I am trying to solve this exercise in Artin.
(a) Define the greatest common divisor of a set $\{a_1, \ldots, a_n\}$ of $n$ integers. Prove that it exists, and that it is an integer combination of $a_1, \ldots, a_n$.
(b) Prove that if the greatest common divisor of $\{a_1, \ldots, a_n\}$ is $d$, then greatest common divisor of $\{a_1/d, \ldots, a_n/d\}$ is $1$.
I am having difficulty getting started, and am really just looking for a hint and some clarifications on interpretation. My thoughts on this at the moment are:
1) My first instinct is to induct on $n$. I don't think we can define the $\gcd$ of an empty set or of a single element, so the base case would would have to be $n = 2$.
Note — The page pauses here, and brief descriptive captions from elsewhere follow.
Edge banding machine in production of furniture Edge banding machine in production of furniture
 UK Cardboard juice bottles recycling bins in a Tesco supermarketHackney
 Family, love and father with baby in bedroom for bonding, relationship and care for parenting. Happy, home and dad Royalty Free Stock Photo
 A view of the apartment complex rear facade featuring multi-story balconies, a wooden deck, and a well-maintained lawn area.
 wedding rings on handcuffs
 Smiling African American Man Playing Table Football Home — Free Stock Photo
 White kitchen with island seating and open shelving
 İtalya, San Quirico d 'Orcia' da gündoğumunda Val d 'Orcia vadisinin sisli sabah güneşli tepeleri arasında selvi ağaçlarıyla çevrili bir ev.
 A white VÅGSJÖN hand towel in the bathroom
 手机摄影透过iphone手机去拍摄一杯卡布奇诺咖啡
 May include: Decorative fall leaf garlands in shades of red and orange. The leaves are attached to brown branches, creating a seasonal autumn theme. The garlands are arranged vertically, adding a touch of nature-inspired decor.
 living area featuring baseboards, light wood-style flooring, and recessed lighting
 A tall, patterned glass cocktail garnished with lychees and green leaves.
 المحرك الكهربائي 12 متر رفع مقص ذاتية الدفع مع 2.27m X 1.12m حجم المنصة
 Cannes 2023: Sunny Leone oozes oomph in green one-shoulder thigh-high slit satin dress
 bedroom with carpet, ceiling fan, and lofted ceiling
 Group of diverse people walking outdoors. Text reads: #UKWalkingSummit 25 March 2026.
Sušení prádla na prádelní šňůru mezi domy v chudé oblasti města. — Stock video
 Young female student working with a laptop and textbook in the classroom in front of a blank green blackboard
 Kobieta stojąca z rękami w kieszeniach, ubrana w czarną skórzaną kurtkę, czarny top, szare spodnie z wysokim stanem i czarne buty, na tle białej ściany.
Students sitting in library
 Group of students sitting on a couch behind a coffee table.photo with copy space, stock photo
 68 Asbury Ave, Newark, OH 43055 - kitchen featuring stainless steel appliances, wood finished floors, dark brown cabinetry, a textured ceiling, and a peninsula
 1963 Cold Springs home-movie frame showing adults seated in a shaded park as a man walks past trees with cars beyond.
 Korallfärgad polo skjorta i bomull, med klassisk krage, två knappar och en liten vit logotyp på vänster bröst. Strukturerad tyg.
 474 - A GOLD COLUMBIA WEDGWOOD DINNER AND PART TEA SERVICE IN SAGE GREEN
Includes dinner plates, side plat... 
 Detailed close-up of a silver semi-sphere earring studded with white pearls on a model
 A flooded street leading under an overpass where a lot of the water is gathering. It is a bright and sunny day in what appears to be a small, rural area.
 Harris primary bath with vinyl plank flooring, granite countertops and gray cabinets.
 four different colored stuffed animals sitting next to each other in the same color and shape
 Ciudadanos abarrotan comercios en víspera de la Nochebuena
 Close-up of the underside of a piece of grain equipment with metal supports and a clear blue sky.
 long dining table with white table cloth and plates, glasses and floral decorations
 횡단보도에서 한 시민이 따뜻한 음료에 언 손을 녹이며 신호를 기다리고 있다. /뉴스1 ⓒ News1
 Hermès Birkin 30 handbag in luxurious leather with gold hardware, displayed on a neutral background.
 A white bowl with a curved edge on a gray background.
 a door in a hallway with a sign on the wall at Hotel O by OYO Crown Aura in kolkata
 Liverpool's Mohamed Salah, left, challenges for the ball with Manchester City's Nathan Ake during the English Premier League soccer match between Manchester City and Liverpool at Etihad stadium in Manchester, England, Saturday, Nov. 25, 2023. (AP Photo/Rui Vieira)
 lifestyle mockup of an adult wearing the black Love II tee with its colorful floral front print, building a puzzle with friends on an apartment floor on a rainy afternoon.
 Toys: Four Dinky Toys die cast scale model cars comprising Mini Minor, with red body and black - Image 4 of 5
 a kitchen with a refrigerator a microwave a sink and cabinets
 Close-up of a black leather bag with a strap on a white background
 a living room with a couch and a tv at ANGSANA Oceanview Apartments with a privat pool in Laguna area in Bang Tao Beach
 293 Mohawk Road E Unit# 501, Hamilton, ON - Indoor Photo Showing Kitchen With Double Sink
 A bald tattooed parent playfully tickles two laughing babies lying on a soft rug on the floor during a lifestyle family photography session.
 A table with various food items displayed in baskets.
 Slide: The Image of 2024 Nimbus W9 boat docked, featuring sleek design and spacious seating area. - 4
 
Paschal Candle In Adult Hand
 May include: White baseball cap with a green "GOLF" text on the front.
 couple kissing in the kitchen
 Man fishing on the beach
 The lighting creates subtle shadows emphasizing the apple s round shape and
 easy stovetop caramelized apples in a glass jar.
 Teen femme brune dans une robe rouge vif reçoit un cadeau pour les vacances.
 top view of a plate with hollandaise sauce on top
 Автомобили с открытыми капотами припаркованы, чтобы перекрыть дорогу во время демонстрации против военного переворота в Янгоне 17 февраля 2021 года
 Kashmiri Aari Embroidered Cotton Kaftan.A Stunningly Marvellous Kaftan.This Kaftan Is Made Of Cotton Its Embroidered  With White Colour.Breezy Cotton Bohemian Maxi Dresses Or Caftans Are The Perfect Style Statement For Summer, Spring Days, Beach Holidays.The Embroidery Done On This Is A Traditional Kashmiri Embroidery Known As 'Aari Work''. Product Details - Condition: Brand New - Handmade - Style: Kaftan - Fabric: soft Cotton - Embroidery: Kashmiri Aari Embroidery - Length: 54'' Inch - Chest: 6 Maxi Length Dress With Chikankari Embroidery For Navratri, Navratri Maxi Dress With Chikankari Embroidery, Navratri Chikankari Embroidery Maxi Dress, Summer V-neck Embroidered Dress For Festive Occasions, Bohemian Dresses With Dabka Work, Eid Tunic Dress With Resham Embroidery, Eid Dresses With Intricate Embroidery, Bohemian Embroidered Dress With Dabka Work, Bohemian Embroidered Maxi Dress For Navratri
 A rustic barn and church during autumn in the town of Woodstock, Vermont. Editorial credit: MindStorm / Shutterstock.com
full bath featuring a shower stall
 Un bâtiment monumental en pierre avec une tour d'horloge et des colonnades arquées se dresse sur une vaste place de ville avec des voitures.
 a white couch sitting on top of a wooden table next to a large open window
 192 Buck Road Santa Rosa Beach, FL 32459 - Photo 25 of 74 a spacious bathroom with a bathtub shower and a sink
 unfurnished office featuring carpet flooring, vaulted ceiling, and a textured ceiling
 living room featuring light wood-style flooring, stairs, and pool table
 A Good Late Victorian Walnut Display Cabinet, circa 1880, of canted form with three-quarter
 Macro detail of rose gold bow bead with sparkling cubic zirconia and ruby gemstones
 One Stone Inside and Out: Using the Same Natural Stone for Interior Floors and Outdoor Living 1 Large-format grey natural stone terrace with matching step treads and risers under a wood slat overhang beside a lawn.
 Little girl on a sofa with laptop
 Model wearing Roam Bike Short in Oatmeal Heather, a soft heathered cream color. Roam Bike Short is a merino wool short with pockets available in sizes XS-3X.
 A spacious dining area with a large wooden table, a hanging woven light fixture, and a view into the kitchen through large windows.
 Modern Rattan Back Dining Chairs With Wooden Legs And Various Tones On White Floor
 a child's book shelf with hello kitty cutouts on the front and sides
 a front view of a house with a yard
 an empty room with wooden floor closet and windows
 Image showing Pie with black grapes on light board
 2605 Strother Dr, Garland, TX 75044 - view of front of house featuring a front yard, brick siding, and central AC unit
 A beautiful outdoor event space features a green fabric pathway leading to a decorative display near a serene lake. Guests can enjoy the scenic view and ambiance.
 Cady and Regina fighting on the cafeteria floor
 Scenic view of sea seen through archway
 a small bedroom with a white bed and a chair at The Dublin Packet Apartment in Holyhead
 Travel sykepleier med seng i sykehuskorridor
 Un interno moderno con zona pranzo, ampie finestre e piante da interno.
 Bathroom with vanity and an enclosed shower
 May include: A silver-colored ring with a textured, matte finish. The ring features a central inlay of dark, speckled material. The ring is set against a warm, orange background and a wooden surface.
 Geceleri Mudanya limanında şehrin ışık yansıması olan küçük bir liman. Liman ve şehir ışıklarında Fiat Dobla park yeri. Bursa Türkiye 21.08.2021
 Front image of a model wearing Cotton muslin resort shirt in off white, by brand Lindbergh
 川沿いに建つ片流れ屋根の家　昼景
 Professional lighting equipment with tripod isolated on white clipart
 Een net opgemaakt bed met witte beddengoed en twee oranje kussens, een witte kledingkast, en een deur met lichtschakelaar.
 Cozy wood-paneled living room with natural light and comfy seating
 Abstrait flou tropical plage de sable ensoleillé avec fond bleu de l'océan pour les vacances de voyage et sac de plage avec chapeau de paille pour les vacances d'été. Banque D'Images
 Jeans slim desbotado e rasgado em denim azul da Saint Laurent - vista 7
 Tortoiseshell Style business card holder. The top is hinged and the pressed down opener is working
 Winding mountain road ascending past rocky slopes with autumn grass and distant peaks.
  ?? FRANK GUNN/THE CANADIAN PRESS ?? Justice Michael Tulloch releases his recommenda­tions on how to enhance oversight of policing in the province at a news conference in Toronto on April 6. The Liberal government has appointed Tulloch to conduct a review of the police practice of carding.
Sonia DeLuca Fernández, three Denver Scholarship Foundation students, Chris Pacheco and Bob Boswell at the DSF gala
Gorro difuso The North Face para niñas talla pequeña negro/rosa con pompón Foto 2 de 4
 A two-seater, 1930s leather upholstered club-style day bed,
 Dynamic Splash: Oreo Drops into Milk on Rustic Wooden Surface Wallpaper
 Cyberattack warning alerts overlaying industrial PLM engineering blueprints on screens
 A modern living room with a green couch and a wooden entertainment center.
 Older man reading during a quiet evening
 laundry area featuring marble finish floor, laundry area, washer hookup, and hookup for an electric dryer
2) It doesn't seem that I have any information on these integers. Can we define the $\gcd$ of $0$ or negative integers? Surely the $\gcd$ itself is greaeter than or equal to $1$.
3) I cannot figure out how to 'prove' existence. If we have two integers, the $\gcd$ "exists by definition." If the integers are relatively prime, their $\gcd$ is $1$. If not, there exists some integer $d > 1$ that divides both. There's certainly a finite number of such elements because the distance between any two integers is finite, so taking the maximum gives the $\gcd$.
4) The $n \implies n + 1$ inductive step seems to just be invoking this same $n = 2$ argument I just made.